Calculating the environmental impact of your project anywhere near accurately is incredibly difficult. I attended a Society of Garden Designers workshop a little while ago which introduced the Climate Positive Design Pathfinder tool. This is intended as an early-stage design tool which enables users to compare design alternatives in terms of ‘contribution to climate change’.

Whilst designed for use with large scale landscape projects, I felt the pathfinder tool looked potentially manageable for use with domestic garden design projects, and it’s free! If you don’t feel you can justify the added time required to use the tool, I would still highly recommend visiting the Climate Positive Design website for some helpful rules of thumb including:

The Climate Positive Design Toolkit

The Climate Positive Design Toolkit is packed with information relevant to minimising the greenhouse atmospheric gases associated with new materials, but also covers related areas (some of which are discussed elsewhere in this article), including climate resilience, equity, and advocacy. It might not all be for you, but you can pick and choose.

Bear in mind it’s American. For example, ‘Decomposed granite’ is a hoggin type material, the natural derivative of granite as it weathers and erodes over time - more collected than quarried. Sounds great but rarely found in Europe. The closest equivalent near me in Cornwall would probably be self-binding gravel produced from locally quarried granite waste - different environmental implications.

The Landscape Carbon Calculator Data Report

The Landscape Carbon Calculator Data Report is also packed with information including the following non-exhaustive list of strategies/best practices for:

Reducing Embodied Carbon / emissions (of greenhouse gasses) associated with the production of the material
  • Reduce concrete, stone, steel and foam (carbon-intensive materials)

  • Reuse/salvage materials from other projects

  • Substitute cement with fly-ash, slag, glass pozzolan or other cementitious materials in the concrete mixes

  • Use more wood as a substitute for concrete or metals

  • Consider gravel, terrazzo, asphalt or other aggregate-based paving (trade-off with heat island reduction)

I would add that considering the transport of materials from source to the processing site, supplier, and to your site is an important factor relative to your individual situation. Buying locally sourced materials may reduce transport related greenhouse gas emissions and help to support local businesses!

Reducing Operational Carbon / emissions associated with the maintenance of the material
  • Use electric-powered equipment instead of gas-powered

  • Ensure that electricity is coming from clean sources

  • Limit the use of fertilizer; reuse mulch produced from pruning and trimming

  • Select vegetation that does not require extensive maintenance and fertilization

Increasing Sequestration
  • Planting more trees that can grow to taller heights (35+ ft)

  • Selecting species that have longer growing seasons in that region

  • Planting woody shrubs

  • Ensuring proper care during establishment periods to increase survival rates

  • Selecting trees with known long lifespans

  • Salvaging wood from fallen trees

  • Selecting lawn types that require lesser fertilizer application and maintenance

  • Constructing wetlands

In case it’s not obvious from the above, I would add the general rule of thumb that using more planting and less hard landscaping tends to be more sustainable, with the proviso that we work with the existing contours of the land as far as possible, thus doing less earth movement (which releases greenhouse gasses into the atmosphere and requires the use of heavy machinery which also has a relatively high carbon footprint and causes soil compaction).
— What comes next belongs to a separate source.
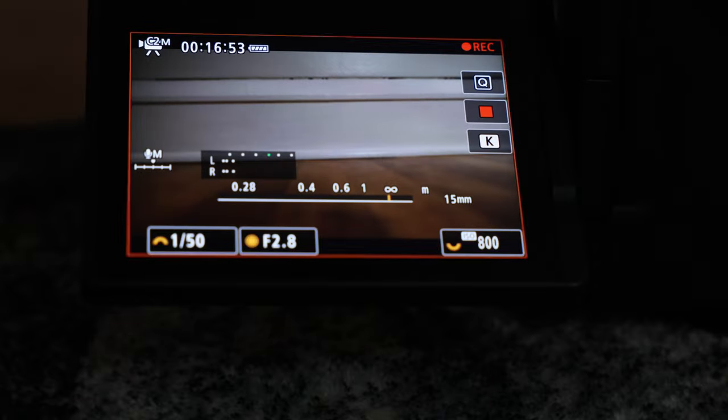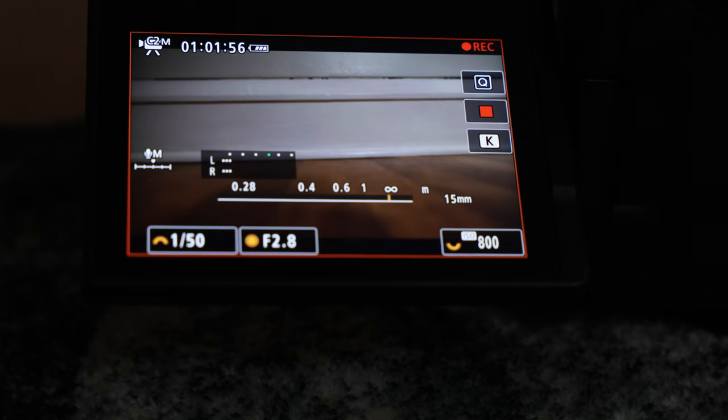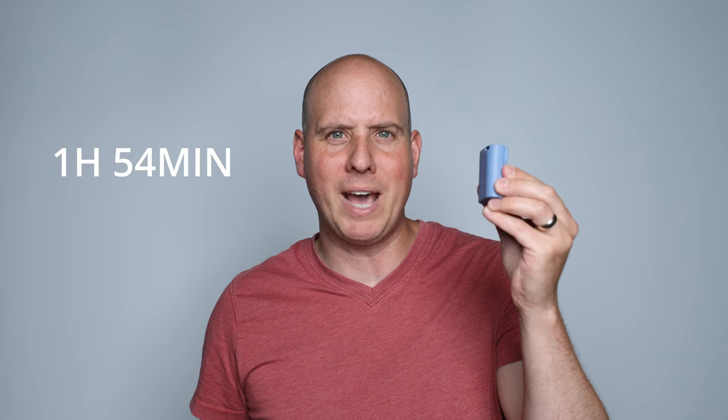In order to do an accurate test, I set up my camera in my office with the same lighting and same settings. I ran the SmallRig from a fresh charge right off the charger, put it in the camera, and turned off all automatic settings — IBIS and autofocus. In 4K Fine at 24 frames per second, the SmallRig battery lasted one hour and 55 minutes.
A lady with a dandelion clock.

3. What will the lifetime of the material and the project be, and what will happen next?

This is really 3 related questions in one, all of which can be tricky to answer…

What will the lifetime of the material be?

A material that only lasts a short time may need to be replaced, so whilst it may seem an environmentally sound choice, it could end up being less sustainable than a material that will not need to be replaced. Having said this, we also have to bear in mind that we need to buy the human race time in the race to address climate change, so as to avoid climate ‘tipping points’.

Tipping points are points at which changes in a part of the climate system become self-perpetuating (even if we do then reduce greenhouse gas emissions). These changes may lead to abrupt, irreversible, and dangerous impacts with serious implications for humanity. For example, the collapse of the Greenland, west Antarctic and two parts of the east Antarctic ice sheets. Therefore, it’s generally agreed that emitting a quantity of greenhouse gasses today, is worse than emitting the same quantity of greenhouse gasses after a decade.

What will the lifetime of the project be?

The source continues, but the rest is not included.